- [What the task asks] The data below is to be repeated in full, exactly as given.

- [Dataset content]
▼▼▼
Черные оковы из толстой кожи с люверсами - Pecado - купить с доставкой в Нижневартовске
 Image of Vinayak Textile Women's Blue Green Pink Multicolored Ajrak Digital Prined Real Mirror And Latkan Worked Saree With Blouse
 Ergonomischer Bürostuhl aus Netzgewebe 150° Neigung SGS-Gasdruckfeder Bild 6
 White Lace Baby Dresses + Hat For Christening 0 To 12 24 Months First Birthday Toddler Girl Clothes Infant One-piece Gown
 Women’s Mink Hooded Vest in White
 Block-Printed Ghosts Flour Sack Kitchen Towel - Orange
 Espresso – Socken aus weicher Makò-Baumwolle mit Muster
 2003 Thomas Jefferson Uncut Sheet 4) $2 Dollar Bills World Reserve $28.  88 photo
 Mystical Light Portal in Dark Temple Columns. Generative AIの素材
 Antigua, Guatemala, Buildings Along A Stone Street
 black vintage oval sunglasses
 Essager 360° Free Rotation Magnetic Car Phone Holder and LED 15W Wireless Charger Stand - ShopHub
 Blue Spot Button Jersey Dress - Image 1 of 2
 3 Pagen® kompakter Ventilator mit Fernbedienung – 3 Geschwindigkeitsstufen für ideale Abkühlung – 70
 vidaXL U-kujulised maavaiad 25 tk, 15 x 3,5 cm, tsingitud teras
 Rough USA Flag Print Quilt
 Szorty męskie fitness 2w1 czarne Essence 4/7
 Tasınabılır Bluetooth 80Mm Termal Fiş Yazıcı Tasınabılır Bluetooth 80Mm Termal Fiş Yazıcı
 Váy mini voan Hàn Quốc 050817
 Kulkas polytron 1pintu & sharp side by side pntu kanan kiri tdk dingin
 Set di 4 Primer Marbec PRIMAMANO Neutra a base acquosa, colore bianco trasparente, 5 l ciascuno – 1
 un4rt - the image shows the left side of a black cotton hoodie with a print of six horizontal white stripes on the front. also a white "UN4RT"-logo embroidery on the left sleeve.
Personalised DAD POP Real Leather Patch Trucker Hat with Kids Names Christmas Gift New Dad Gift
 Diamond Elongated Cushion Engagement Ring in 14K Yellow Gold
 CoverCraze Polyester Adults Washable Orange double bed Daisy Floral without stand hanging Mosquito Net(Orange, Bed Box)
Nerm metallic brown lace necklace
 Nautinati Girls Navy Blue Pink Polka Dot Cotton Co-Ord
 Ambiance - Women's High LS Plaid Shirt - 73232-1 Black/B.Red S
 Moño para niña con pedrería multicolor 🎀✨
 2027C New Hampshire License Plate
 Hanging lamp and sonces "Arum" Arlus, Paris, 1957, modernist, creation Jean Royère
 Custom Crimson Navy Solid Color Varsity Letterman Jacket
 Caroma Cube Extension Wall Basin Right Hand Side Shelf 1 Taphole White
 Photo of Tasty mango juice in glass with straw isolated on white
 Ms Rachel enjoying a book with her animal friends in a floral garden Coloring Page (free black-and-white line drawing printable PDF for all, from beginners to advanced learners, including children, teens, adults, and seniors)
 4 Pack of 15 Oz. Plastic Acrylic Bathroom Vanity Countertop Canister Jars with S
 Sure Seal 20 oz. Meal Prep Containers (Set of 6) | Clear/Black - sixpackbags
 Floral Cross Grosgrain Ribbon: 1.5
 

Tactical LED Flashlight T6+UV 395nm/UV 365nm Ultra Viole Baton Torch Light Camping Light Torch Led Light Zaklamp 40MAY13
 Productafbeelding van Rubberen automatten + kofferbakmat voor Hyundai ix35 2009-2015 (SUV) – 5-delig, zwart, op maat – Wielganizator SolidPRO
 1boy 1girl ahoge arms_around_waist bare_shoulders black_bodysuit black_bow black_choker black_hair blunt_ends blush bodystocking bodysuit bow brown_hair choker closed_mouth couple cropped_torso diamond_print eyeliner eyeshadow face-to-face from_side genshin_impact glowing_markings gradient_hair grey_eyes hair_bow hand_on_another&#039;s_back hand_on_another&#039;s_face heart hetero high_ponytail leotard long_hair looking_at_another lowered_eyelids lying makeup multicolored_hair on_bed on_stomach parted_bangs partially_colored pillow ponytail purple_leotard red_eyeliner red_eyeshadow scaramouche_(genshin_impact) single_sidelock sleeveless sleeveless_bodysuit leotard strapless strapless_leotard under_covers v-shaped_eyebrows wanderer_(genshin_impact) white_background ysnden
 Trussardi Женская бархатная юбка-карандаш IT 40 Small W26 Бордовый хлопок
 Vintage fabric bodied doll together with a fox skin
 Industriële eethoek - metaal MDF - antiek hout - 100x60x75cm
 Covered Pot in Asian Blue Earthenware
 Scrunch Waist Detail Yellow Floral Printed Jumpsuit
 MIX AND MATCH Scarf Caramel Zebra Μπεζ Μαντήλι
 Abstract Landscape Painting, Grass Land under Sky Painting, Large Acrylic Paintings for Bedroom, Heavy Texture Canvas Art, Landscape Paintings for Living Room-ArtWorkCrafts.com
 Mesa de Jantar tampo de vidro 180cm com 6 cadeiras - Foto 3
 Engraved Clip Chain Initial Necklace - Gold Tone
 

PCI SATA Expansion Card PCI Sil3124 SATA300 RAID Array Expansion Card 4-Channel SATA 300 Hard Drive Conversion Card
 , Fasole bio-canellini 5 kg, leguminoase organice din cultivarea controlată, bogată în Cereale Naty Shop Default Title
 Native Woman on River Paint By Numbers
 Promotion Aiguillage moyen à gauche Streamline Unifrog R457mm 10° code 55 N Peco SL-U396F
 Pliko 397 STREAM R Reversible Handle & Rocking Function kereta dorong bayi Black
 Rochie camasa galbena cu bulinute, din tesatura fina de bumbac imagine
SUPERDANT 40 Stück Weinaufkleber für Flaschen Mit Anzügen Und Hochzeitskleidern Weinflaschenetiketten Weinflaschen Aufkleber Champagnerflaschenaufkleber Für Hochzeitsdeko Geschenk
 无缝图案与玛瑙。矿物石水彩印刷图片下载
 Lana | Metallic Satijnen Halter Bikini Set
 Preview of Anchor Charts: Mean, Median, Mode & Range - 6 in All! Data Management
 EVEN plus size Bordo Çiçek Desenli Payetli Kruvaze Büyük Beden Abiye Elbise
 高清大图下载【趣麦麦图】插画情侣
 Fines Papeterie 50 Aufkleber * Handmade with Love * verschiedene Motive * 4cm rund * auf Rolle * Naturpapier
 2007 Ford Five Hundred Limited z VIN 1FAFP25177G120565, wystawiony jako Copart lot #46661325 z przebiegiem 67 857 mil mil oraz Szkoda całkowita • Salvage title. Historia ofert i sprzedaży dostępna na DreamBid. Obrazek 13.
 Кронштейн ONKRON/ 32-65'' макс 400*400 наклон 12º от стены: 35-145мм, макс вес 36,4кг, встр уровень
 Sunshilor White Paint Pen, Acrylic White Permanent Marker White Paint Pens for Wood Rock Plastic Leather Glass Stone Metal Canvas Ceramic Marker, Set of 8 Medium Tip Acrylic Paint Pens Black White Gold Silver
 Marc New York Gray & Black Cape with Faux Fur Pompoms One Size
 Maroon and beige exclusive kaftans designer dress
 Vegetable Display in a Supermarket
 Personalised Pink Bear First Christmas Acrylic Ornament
▲▲▲
- [Task response]
Черные оковы из толстой кожи с люверсами - Pecado - купить с доставкой в Нижневартовске
 Image of Vinayak Textile Women's Blue Green Pink Multicolored Ajrak Digital Prined Real Mirror And Latkan Worked Saree With Blouse
 Ergonomischer Bürostuhl aus Netzgewebe 150° Neigung SGS-Gasdruckfeder Bild 6
 White Lace Baby Dresses + Hat For Christening 0 To 12 24 Months First Birthday Toddler Girl Clothes Infant One-piece Gown
 Women’s Mink Hooded Vest in White
 Block-Printed Ghosts Flour Sack Kitchen Towel - Orange
 Espresso – Socken aus weicher Makò-Baumwolle mit Muster
 2003 Thomas Jefferson Uncut Sheet 4) $2 Dollar Bills World Reserve $28.  88 photo
 Mystical Light Portal in Dark Temple Columns. Generative AIの素材
 Antigua, Guatemala, Buildings Along A Stone Street
 black vintage oval sunglasses
 Essager 360° Free Rotation Magnetic Car Phone Holder and LED 15W Wireless Charger Stand - ShopHub
 Blue Spot Button Jersey Dress - Image 1 of 2
 3 Pagen® kompakter Ventilator mit Fernbedienung – 3 Geschwindigkeitsstufen für ideale Abkühlung – 70
 vidaXL U-kujulised maavaiad 25 tk, 15 x 3,5 cm, tsingitud teras
 Rough USA Flag Print Quilt
 Szorty męskie fitness 2w1 czarne Essence 4/7
 Tasınabılır Bluetooth 80Mm Termal Fiş Yazıcı Tasınabılır Bluetooth 80Mm Termal Fiş Yazıcı
 Váy mini voan Hàn Quốc 050817
 Kulkas polytron 1pintu & sharp side by side pntu kanan kiri tdk dingin
 Set di 4 Primer Marbec PRIMAMANO Neutra a base acquosa, colore bianco trasparente, 5 l ciascuno – 1
 un4rt - the image shows the left side of a black cotton hoodie with a print of six horizontal white stripes on the front. also a white "UN4RT"-logo embroidery on the left sleeve.
Personalised DAD POP Real Leather Patch Trucker Hat with Kids Names Christmas Gift New Dad Gift
 Diamond Elongated Cushion Engagement Ring in 14K Yellow Gold
 CoverCraze Polyester Adults Washable Orange double bed Daisy Floral without stand hanging Mosquito Net(Orange, Bed Box)
Nerm metallic brown lace necklace
 Nautinati Girls Navy Blue Pink Polka Dot Cotton Co-Ord
 Ambiance - Women's High LS Plaid Shirt - 73232-1 Black/B.Red S
 Moño para niña con pedrería multicolor 🎀✨
 2027C New Hampshire License Plate
 Hanging lamp and sonces "Arum" Arlus, Paris, 1957, modernist, creation Jean Royère
 Custom Crimson Navy Solid Color Varsity Letterman Jacket
 Caroma Cube Extension Wall Basin Right Hand Side Shelf 1 Taphole White
 Photo of Tasty mango juice in glass with straw isolated on white
 Ms Rachel enjoying a book with her animal friends in a floral garden Coloring Page (free black-and-white line drawing printable PDF for all, from beginners to advanced learners, including children, teens, adults, and seniors)
 4 Pack of 15 Oz. Plastic Acrylic Bathroom Vanity Countertop Canister Jars with S
 Sure Seal 20 oz. Meal Prep Containers (Set of 6) | Clear/Black - sixpackbags
 Floral Cross Grosgrain Ribbon: 1.5
 

Tactical LED Flashlight T6+UV 395nm/UV 365nm Ultra Viole Baton Torch Light Camping Light Torch Led Light Zaklamp 40MAY13
 Productafbeelding van Rubberen automatten + kofferbakmat voor Hyundai ix35 2009-2015 (SUV) – 5-delig, zwart, op maat – Wielganizator SolidPRO
 1boy 1girl ahoge arms_around_waist bare_shoulders black_bodysuit black_bow black_choker black_hair blunt_ends blush bodystocking bodysuit bow brown_hair choker closed_mouth couple cropped_torso diamond_print eyeliner eyeshadow face-to-face from_side genshin_impact glowing_markings gradient_hair grey_eyes hair_bow hand_on_another&#039;s_back hand_on_another&#039;s_face heart hetero high_ponytail leotard long_hair looking_at_another lowered_eyelids lying makeup multicolored_hair on_bed on_stomach parted_bangs partially_colored pillow ponytail purple_leotard red_eyeliner red_eyeshadow scaramouche_(genshin_impact) single_sidelock sleeveless sleeveless_bodysuit leotard strapless strapless_leotard under_covers v-shaped_eyebrows wanderer_(genshin_impact) white_background ysnden
 Trussardi Женская бархатная юбка-карандаш IT 40 Small W26 Бордовый хлопок
 Vintage fabric bodied doll together with a fox skin
 Industriële eethoek - metaal MDF - antiek hout - 100x60x75cm
 Covered Pot in Asian Blue Earthenware
 Scrunch Waist Detail Yellow Floral Printed Jumpsuit
 MIX AND MATCH Scarf Caramel Zebra Μπεζ Μαντήλι
 Abstract Landscape Painting, Grass Land under Sky Painting, Large Acrylic Paintings for Bedroom, Heavy Texture Canvas Art, Landscape Paintings for Living Room-ArtWorkCrafts.com
 Mesa de Jantar tampo de vidro 180cm com 6 cadeiras - Foto 3
 Engraved Clip Chain Initial Necklace - Gold Tone
 

PCI SATA Expansion Card PCI Sil3124 SATA300 RAID Array Expansion Card 4-Channel SATA 300 Hard Drive Conversion Card
 , Fasole bio-canellini 5 kg, leguminoase organice din cultivarea controlată, bogată în Cereale Naty Shop Default Title
 Native Woman on River Paint By Numbers
 Promotion Aiguillage moyen à gauche Streamline Unifrog R457mm 10° code 55 N Peco SL-U396F
 Pliko 397 STREAM R Reversible Handle & Rocking Function kereta dorong bayi Black
 Rochie camasa galbena cu bulinute, din tesatura fina de bumbac imagine
SUPERDANT 40 Stück Weinaufkleber für Flaschen Mit Anzügen Und Hochzeitskleidern Weinflaschenetiketten Weinflaschen Aufkleber Champagnerflaschenaufkleber Für Hochzeitsdeko Geschenk
 无缝图案与玛瑙。矿物石水彩印刷图片下载
 Lana | Metallic Satijnen Halter Bikini Set
 Preview of Anchor Charts: Mean, Median, Mode & Range - 6 in All! Data Management
 EVEN plus size Bordo Çiçek Desenli Payetli Kruvaze Büyük Beden Abiye Elbise
 高清大图下载【趣麦麦图】插画情侣
 Fines Papeterie 50 Aufkleber * Handmade with Love * verschiedene Motive * 4cm rund * auf Rolle * Naturpapier
 2007 Ford Five Hundred Limited z VIN 1FAFP25177G120565, wystawiony jako Copart lot #46661325 z przebiegiem 67 857 mil mil oraz Szkoda całkowita • Salvage title. Historia ofert i sprzedaży dostępna na DreamBid. Obrazek 13.
 Кронштейн ONKRON/ 32-65'' макс 400*400 наклон 12º от стены: 35-145мм, макс вес 36,4кг, встр уровень
 Sunshilor White Paint Pen, Acrylic White Permanent Marker White Paint Pens for Wood Rock Plastic Leather Glass Stone Metal Canvas Ceramic Marker, Set of 8 Medium Tip Acrylic Paint Pens Black White Gold Silver
 Marc New York Gray & Black Cape with Faux Fur Pompoms One Size
 Maroon and beige exclusive kaftans designer dress
 Vegetable Display in a Supermarket
 Personalised Pink Bear First Christmas Acrylic Ornament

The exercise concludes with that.